■ EXTRACTED INFORMATION:

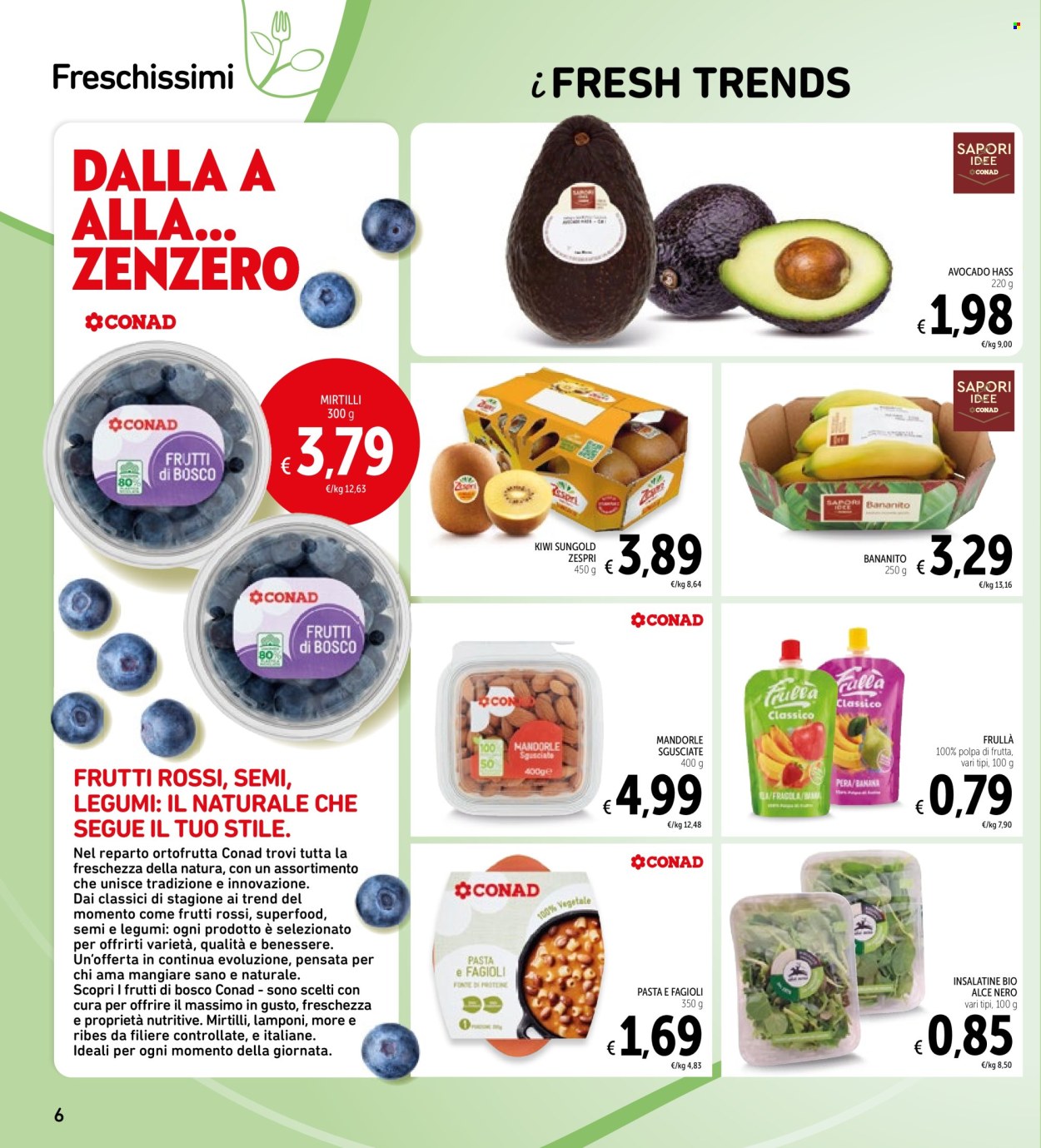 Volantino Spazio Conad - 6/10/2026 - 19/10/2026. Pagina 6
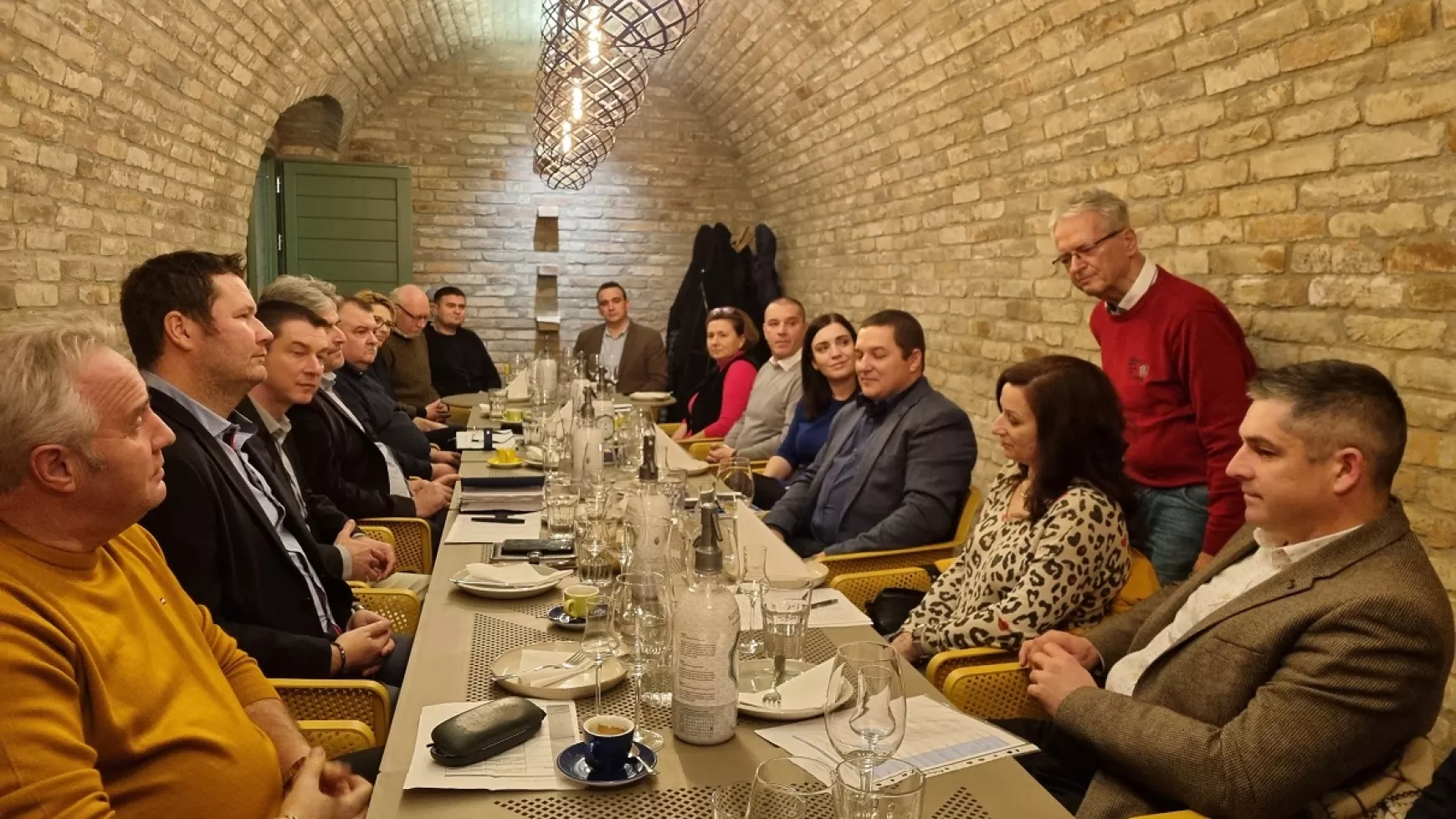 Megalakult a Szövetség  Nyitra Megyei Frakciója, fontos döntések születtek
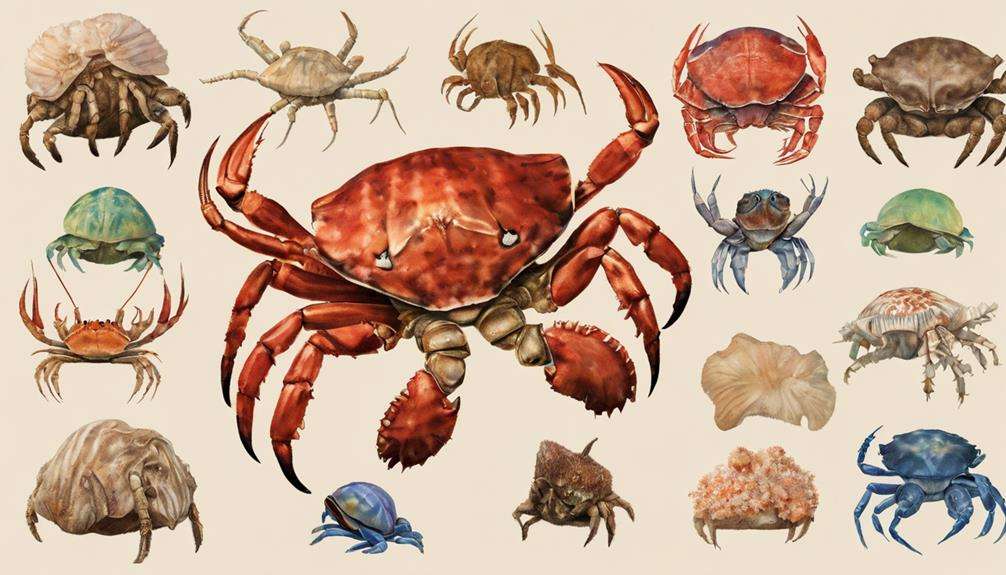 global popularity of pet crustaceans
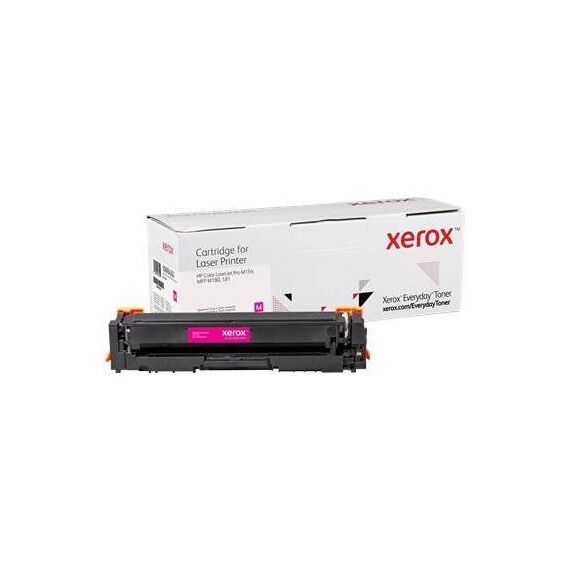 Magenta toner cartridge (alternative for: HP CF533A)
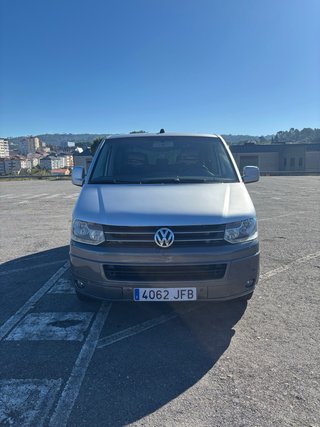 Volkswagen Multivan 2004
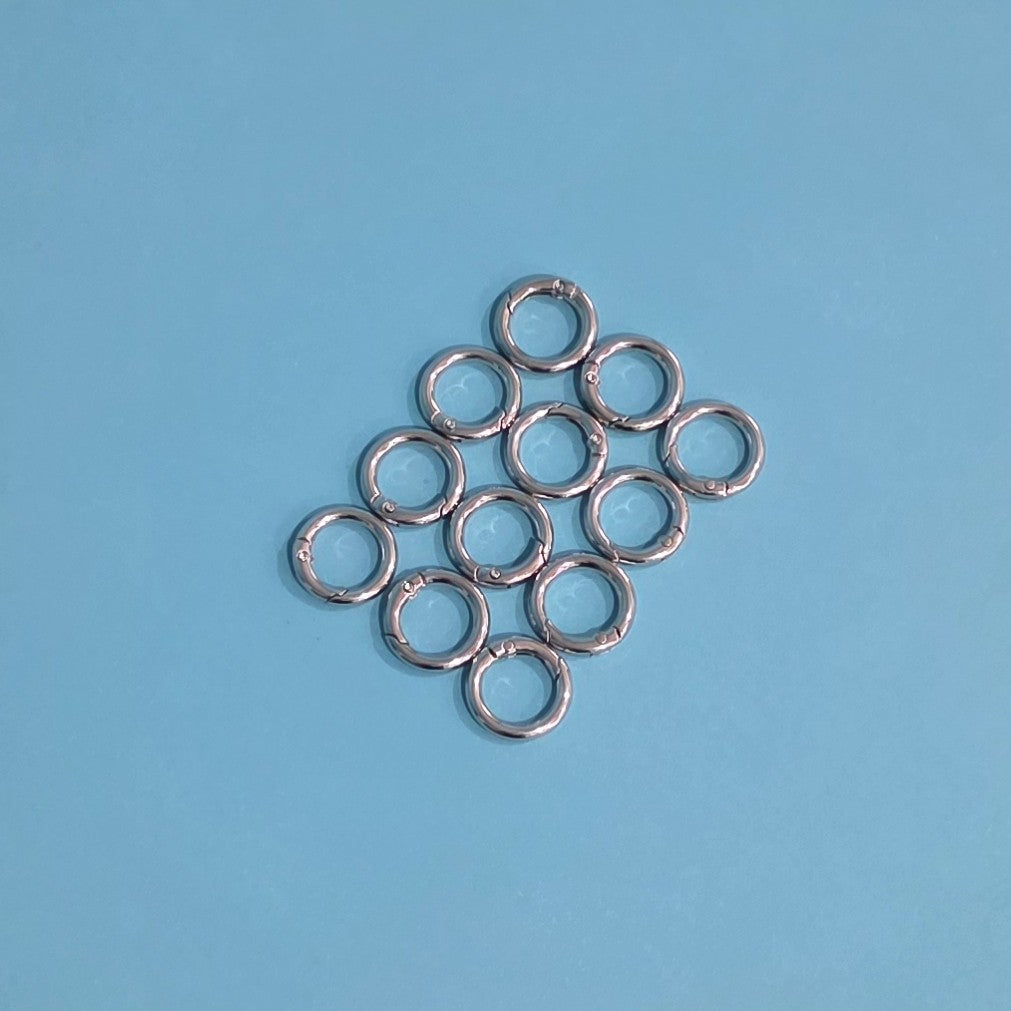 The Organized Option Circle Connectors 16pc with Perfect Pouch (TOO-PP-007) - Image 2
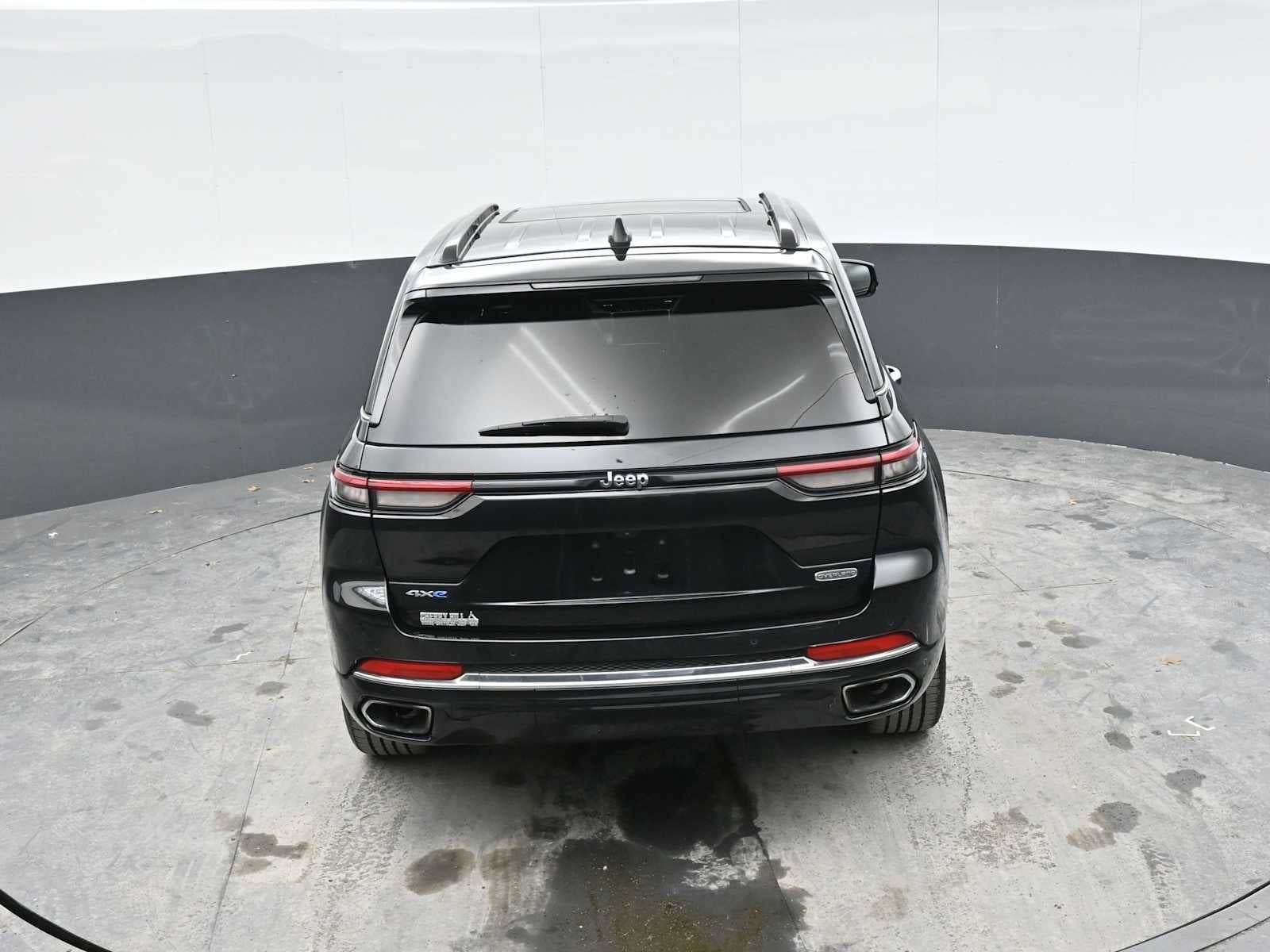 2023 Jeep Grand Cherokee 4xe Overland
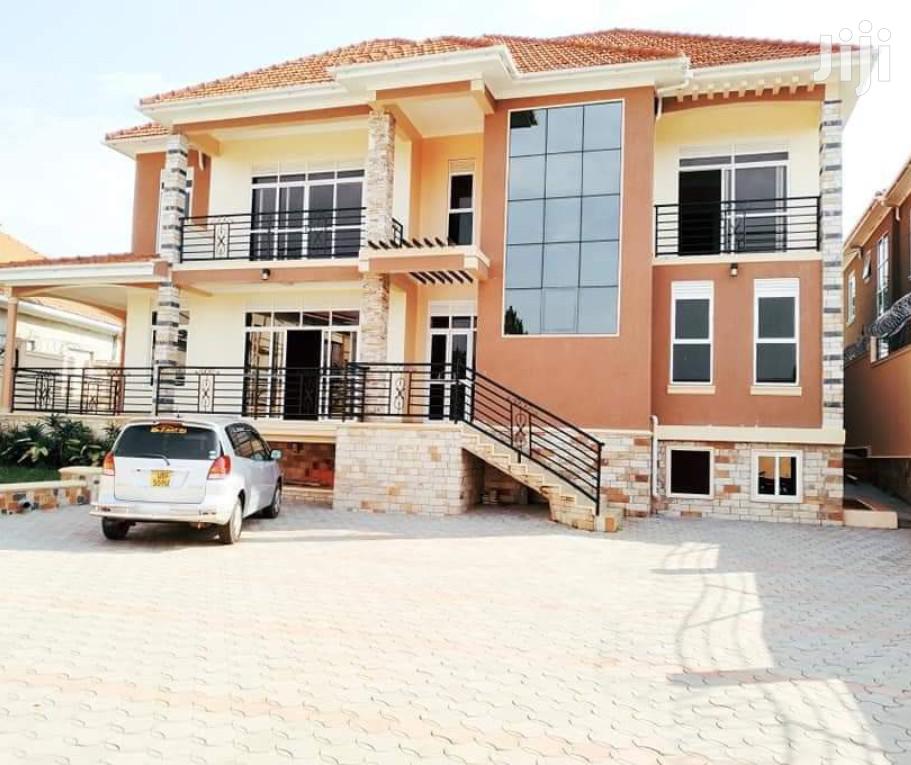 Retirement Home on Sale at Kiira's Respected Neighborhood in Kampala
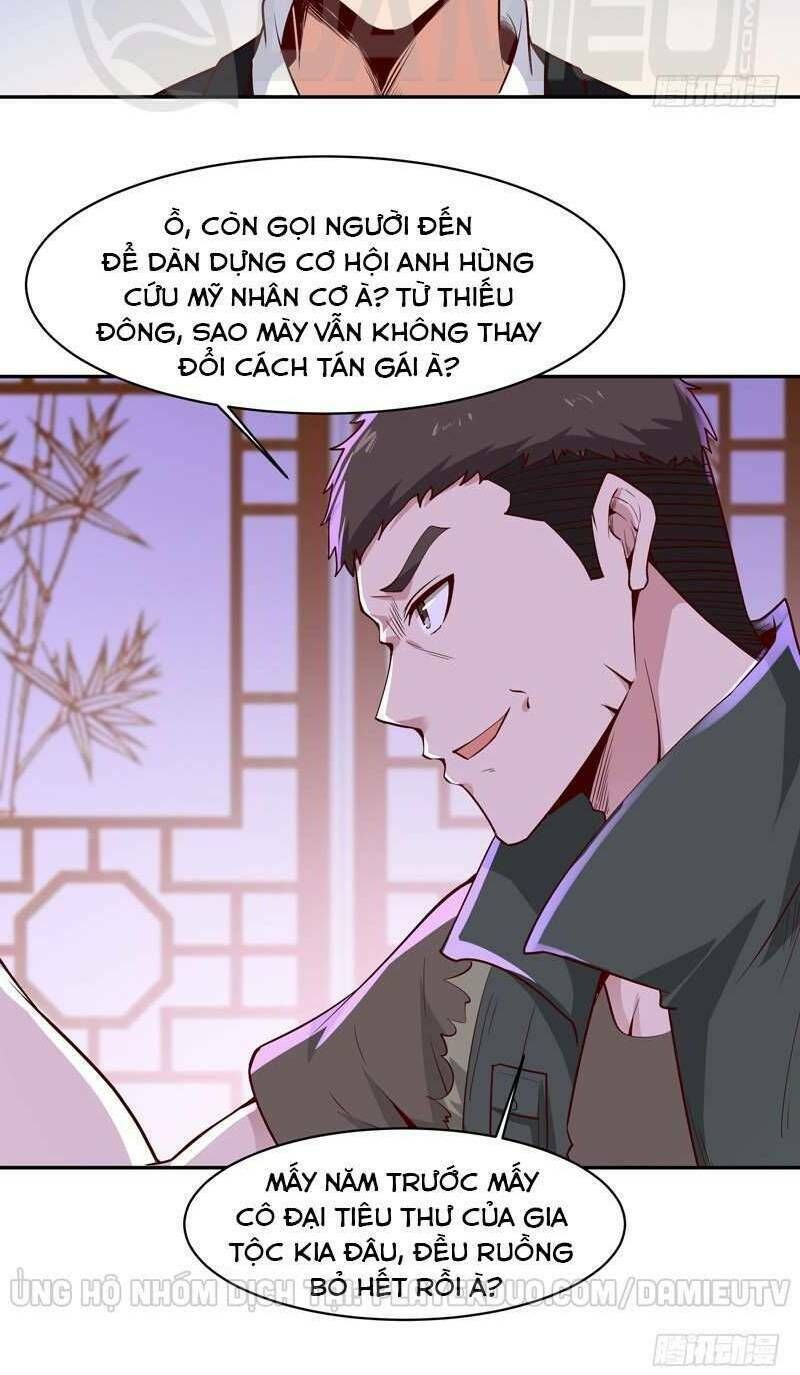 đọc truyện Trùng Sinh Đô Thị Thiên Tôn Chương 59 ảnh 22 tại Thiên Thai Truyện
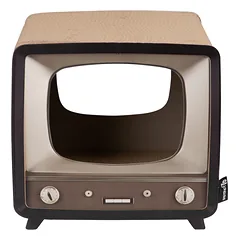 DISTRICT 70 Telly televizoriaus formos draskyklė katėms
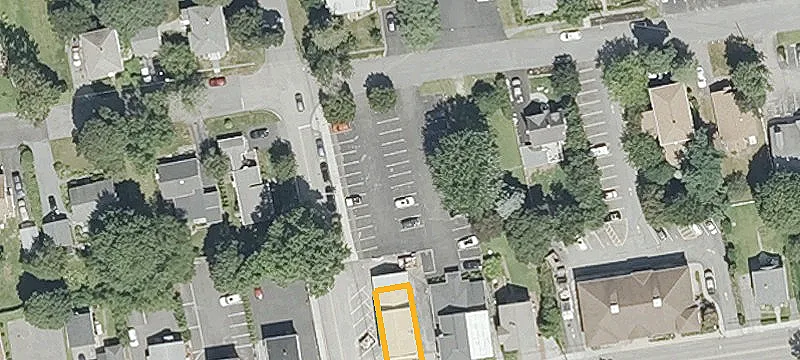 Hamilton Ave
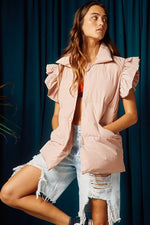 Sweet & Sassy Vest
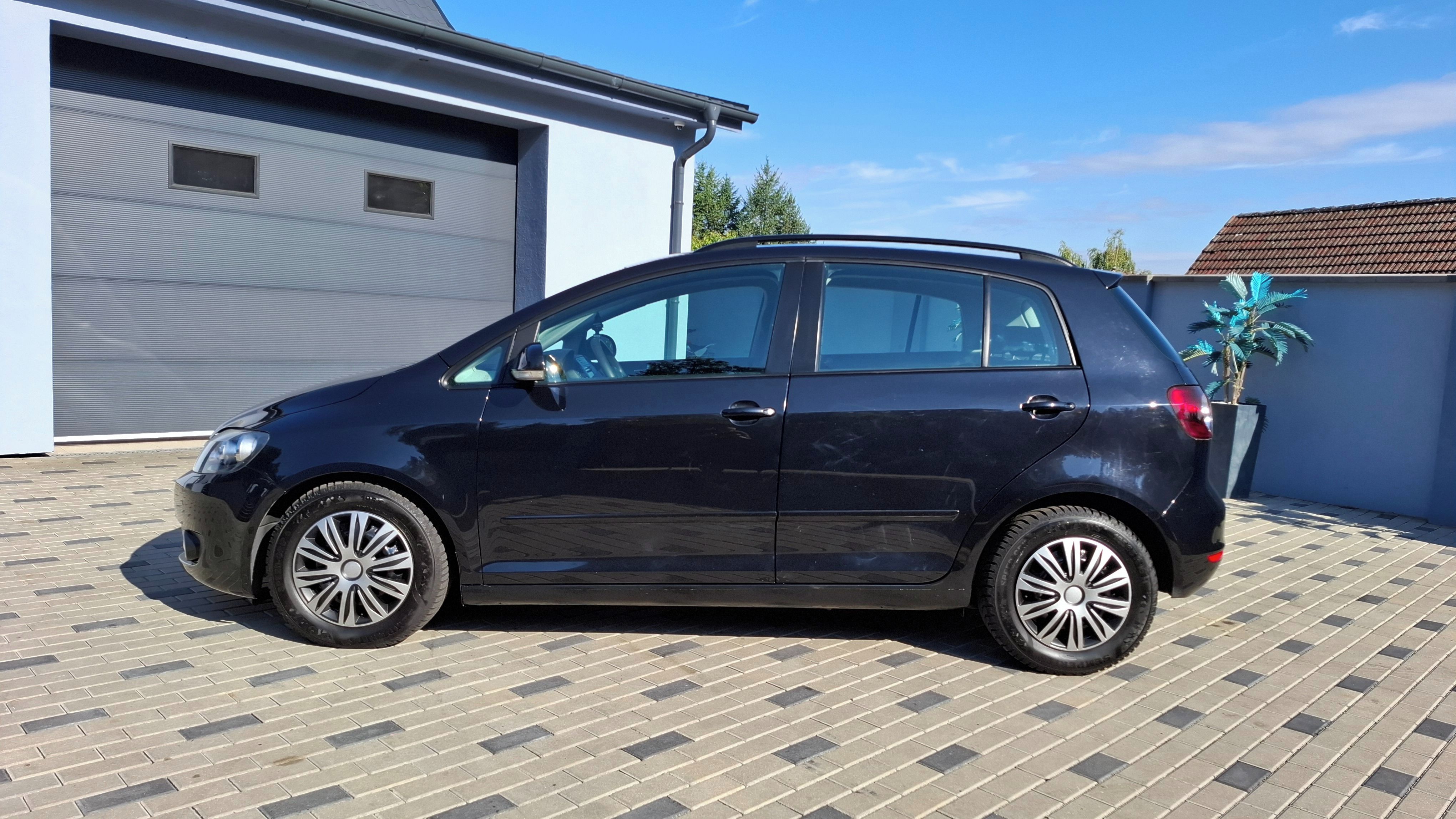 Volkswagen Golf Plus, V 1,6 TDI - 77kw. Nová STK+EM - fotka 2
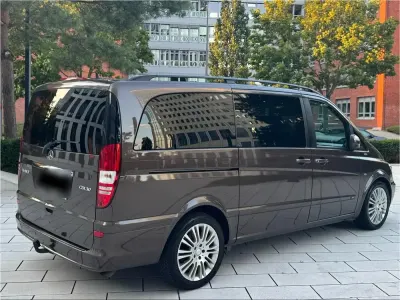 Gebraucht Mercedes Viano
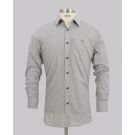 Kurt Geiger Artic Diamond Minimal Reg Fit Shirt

■ ACTION ITEM:
Every line of the data should be transcribed exactly. Omit the images.

■ SOLUTION TO THIS TASK:
 Volantino Spazio Conad - 6/10/2026 - 19/10/2026. Pagina 6
 Megalakult a Szövetség  Nyitra Megyei Frakciója, fontos döntések születtek
 global popularity of pet crustaceans
 Magenta toner cartridge (alternative for: HP CF533A)
 Volkswagen Multivan 2004
 The Organized Option Circle Connectors 16pc with Perfect Pouch (TOO-PP-007) - Image 2
 2023 Jeep Grand Cherokee 4xe Overland
 Retirement Home on Sale at Kiira's Respected Neighborhood in Kampala
 đọc truyện Trùng Sinh Đô Thị Thiên Tôn Chương 59 ảnh 22 tại Thiên Thai Truyện
 DISTRICT 70 Telly televizoriaus formos draskyklė katėms
 Hamilton Ave
 Sweet & Sassy Vest
 Volkswagen Golf Plus, V 1,6 TDI - 77kw. Nová STK+EM - fotka 2
 Gebraucht Mercedes Viano
 Kurt Geiger Artic Diamond Minimal Reg Fit Shirt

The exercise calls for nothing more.